#### [Work item]
Retype the entries word for word, leaving nothing out.

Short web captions
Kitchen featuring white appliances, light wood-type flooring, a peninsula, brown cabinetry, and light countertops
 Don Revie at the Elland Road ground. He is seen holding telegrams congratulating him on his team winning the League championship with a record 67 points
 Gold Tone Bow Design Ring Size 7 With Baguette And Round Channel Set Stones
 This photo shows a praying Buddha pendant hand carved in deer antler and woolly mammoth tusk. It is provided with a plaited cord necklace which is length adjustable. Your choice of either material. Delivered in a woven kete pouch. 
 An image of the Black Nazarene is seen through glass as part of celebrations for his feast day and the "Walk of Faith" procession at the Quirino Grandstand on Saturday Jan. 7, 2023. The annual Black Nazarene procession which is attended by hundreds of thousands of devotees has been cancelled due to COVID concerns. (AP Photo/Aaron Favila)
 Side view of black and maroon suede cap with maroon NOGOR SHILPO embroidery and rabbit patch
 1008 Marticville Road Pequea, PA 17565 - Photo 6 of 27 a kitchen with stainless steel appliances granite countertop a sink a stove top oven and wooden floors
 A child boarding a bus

#### [Task result]
Kitchen featuring white appliances, light wood-type flooring, a peninsula, brown cabinetry, and light countertops
 Don Revie at the Elland Road ground. He is seen holding telegrams congratulating him on his team winning the League championship with a record 67 points
 Gold Tone Bow Design Ring Size 7 With Baguette And Round Channel Set Stones
 This photo shows a praying Buddha pendant hand carved in deer antler and woolly mammoth tusk. It is provided with a plaited cord necklace which is length adjustable. Your choice of either material. Delivered in a woven kete pouch. 
 An image of the Black Nazarene is seen through glass as part of celebrations for his feast day and the "Walk of Faith" procession at the Quirino Grandstand on Saturday Jan. 7, 2023. The annual Black Nazarene procession which is attended by hundreds of thousands of devotees has been cancelled due to COVID concerns. (AP Photo/Aaron Favila)
 Side view of black and maroon suede cap with maroon NOGOR SHILPO embroidery and rabbit patch
 1008 Marticville Road Pequea, PA 17565 - Photo 6 of 27 a kitchen with stainless steel appliances granite countertop a sink a stove top oven and wooden floors
 A child boarding a bus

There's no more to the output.